- A proofreader will examine while an editor will make direct and deliberate changes to your text.
- A proofreader will make marks because something is wrong with the punctuations used, grammar, and typos were found. An editor will do that and also make marks because the text can be written/communicated better.
- A proofreader won’t tell you that your manuscript is lacking or your writing hasn’t matured enough to be presented to an audience. An editor will attempt to develop your manuscript if they feel it flatly sucks.
• Who do you need?
- Are you confident that your manuscript is structurally sound and that people are ready to read it?
- Are you an experienced writer who gets their work critiqued?
- Do you just want someone to review your work?
You need a proofreader.
a proofreader’s job is to perfect bodies of work that are already well-written to enhance its delivery.
- Do you think your manuscript is ready for publication but are having doubts about somethings?
- Have you gotten bad feedback about your work that you hadn’t expected?

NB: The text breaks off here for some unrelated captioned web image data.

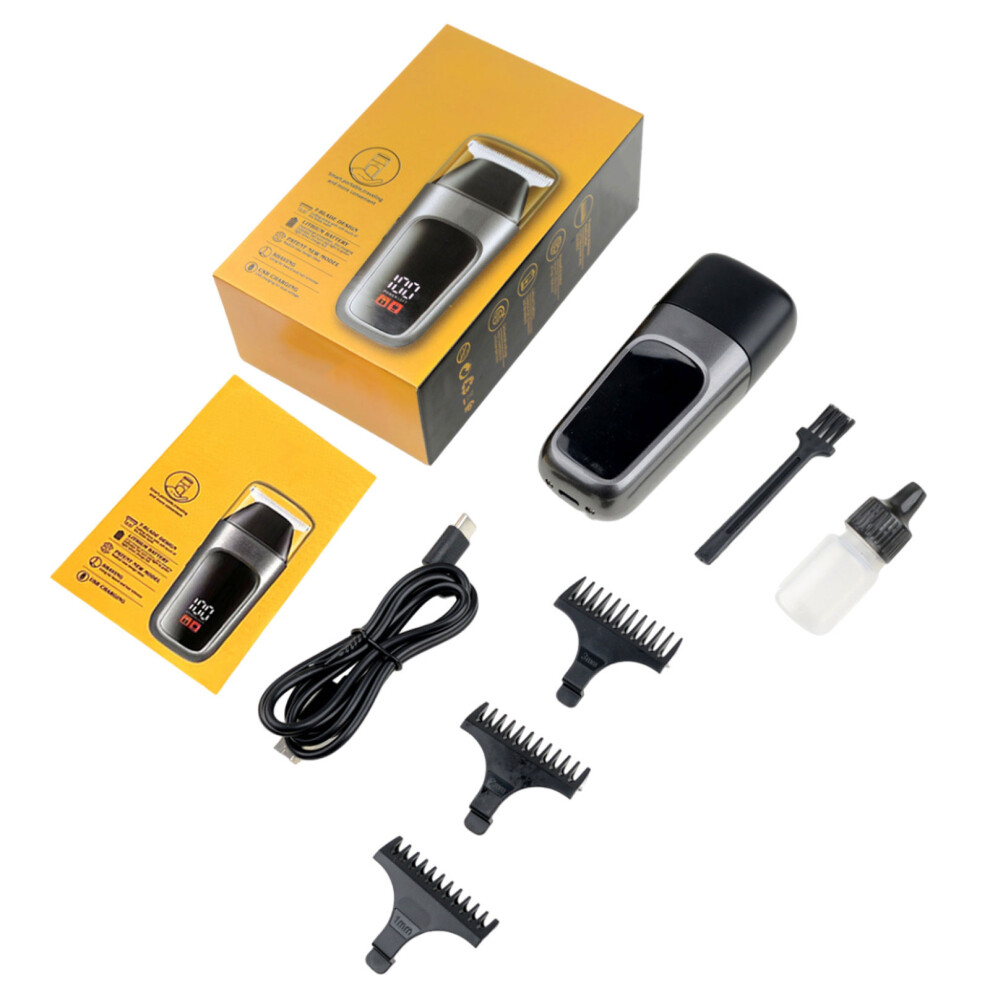 Professional Hair Clippers for Men Barber Hair Clipper and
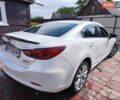 Белый Мазда 6, объемом двигателя 2 л и пробегом 222 тыс. км за 9000 $, фото 3 на Automoto.ua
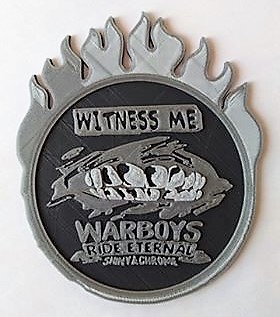 Mad Max Witness Me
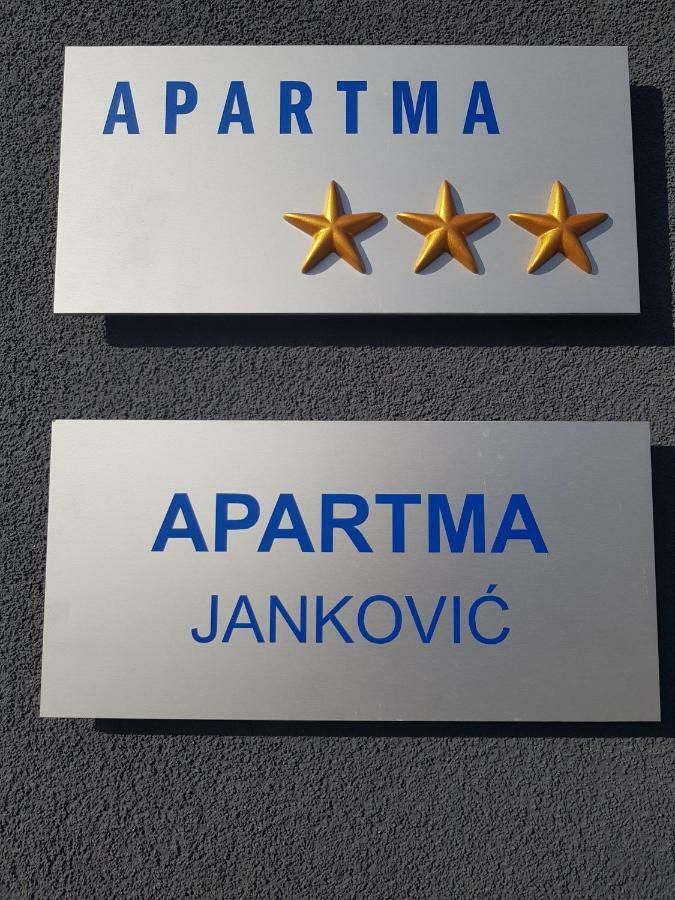 Apartmaji Jankovic Logatec Exterior photo
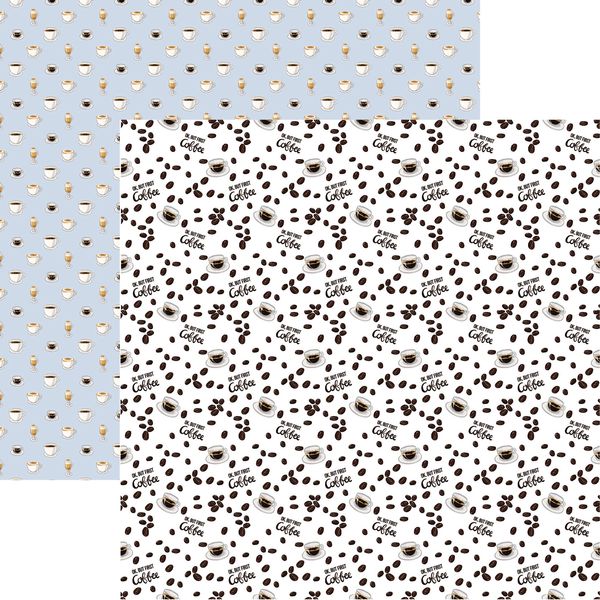 Parisian Cafe: Parisian Cafe DS Paper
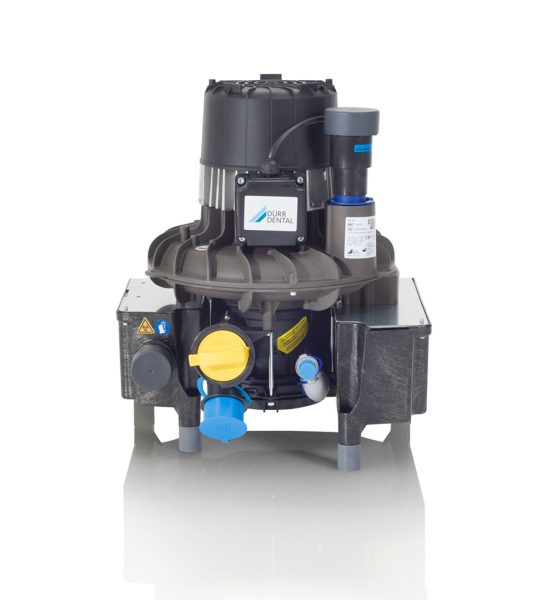 Suction installation
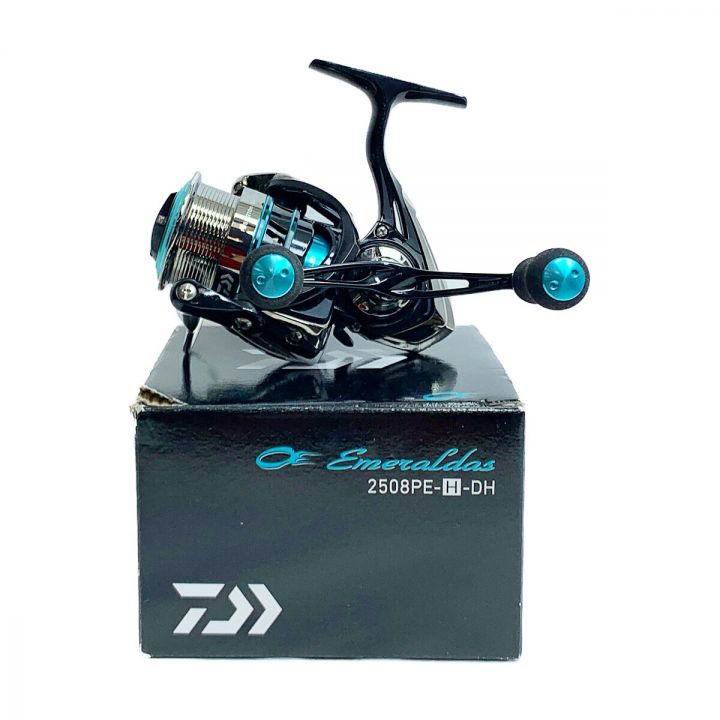 DAIWA ダイワ 16エメラルダス 2508PE-H-DH 055987｜中古｜なんでもリサイクルビッグバン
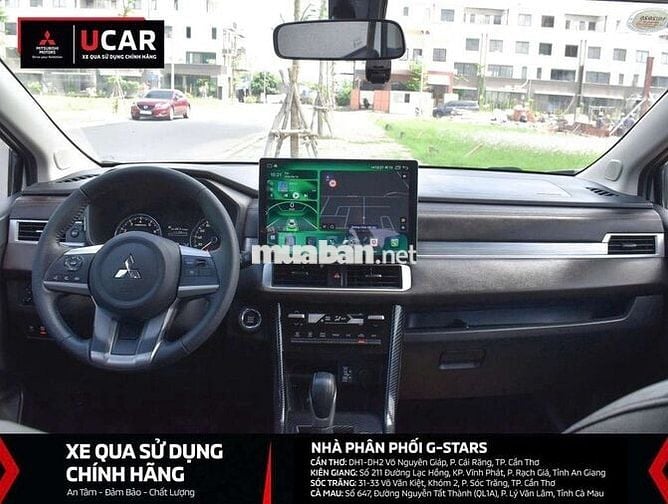 Xpander Premium 2023 Trắng siêu nét!!!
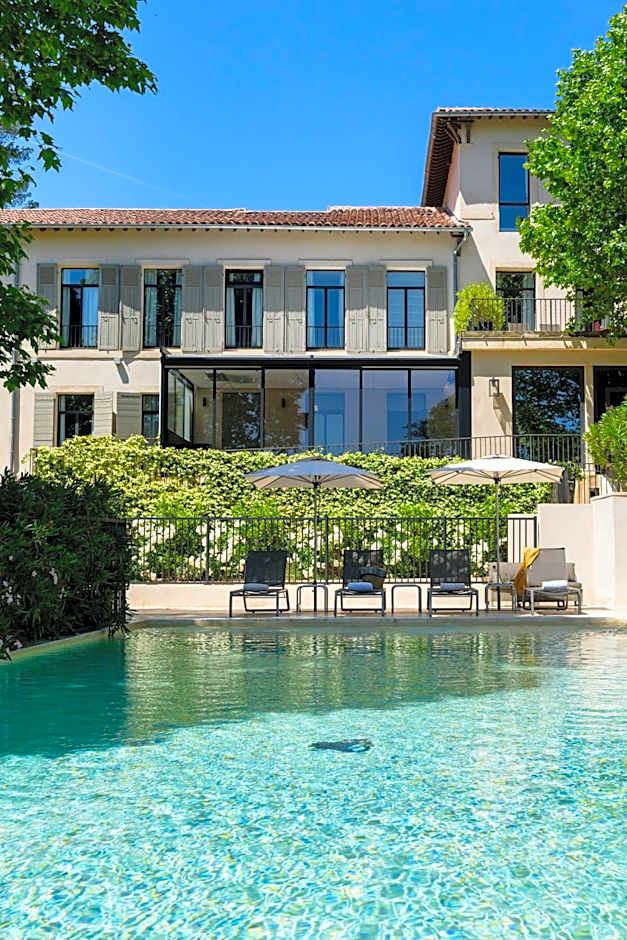 Les Lodges Sainte-Victoire Hotel & Spa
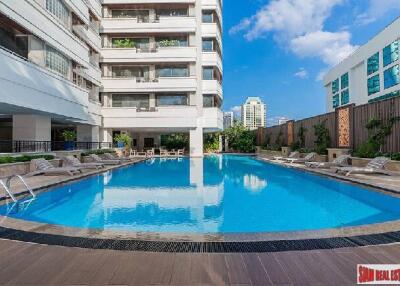 Mayfair Garden Apartments - Modern 2 Bedroom and 2 Bathroom Apartment for Rent in Asoke Area of Bangkok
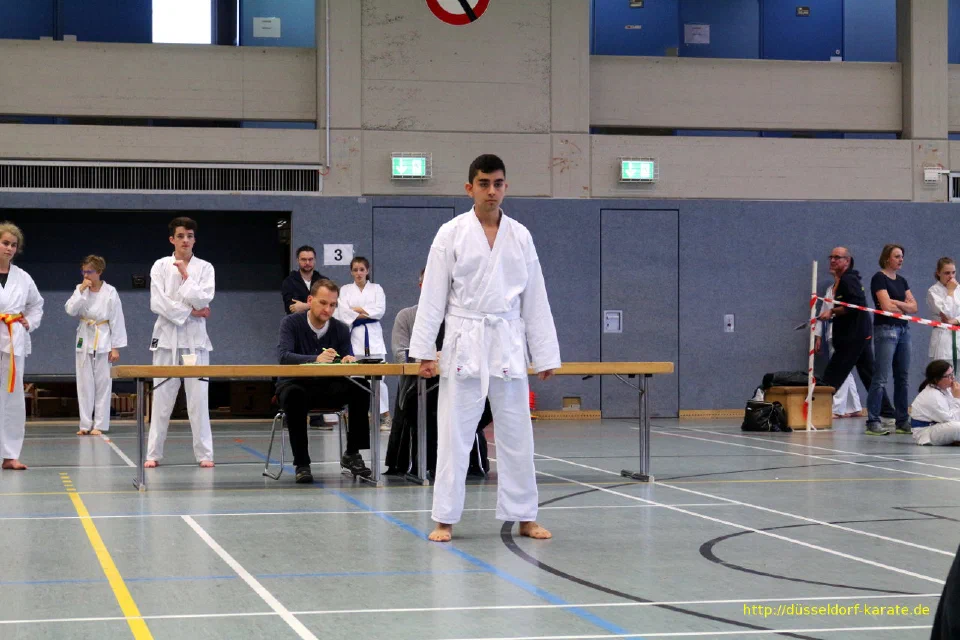 Kata-Wettkampf beim Tomonari Cup 2015 – Foto 50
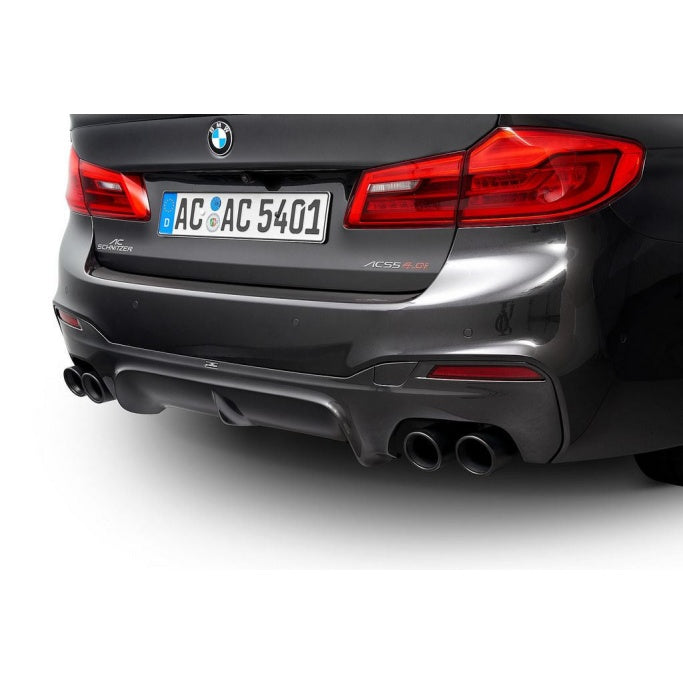 Yahua Performance Rear bumper protection strip for BMW 5 series (G30/G31) Touring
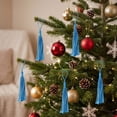 thumbnail image 5 of DXSSXC 100PC Tassel Handmade DIY Crafts Multi Color Christmas Decor for Garland Xmas Tree Banners Handmade Ornaments Holiday Party Gift Set 2026, 5 of 6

- Is your writing not getting the attention from readers you had hoped for?
You need an editor.
Main idea: an editor’s job is to make your manuscript something people want to read. Their main job is to elevate writing.
• Price Differences
Proofreading costs less and in most cases, a lot less. This is mostly because an editor is offering more than just the technical stuff. They’re giving up their good ideas for you to use and to take credit for. They’re also giving you their technical and industry experience on what works and what sells.
Main idea: proofreading costs less.
• Project Time Differences
proofreading a standard 200 page book can take 2-3 weeks on average. This depends on what agreements are made and the proofreader of course. Editing can take anywhere from a month to even 9 months, depending.
Main idea: proofreading takes weeks and editing takes months.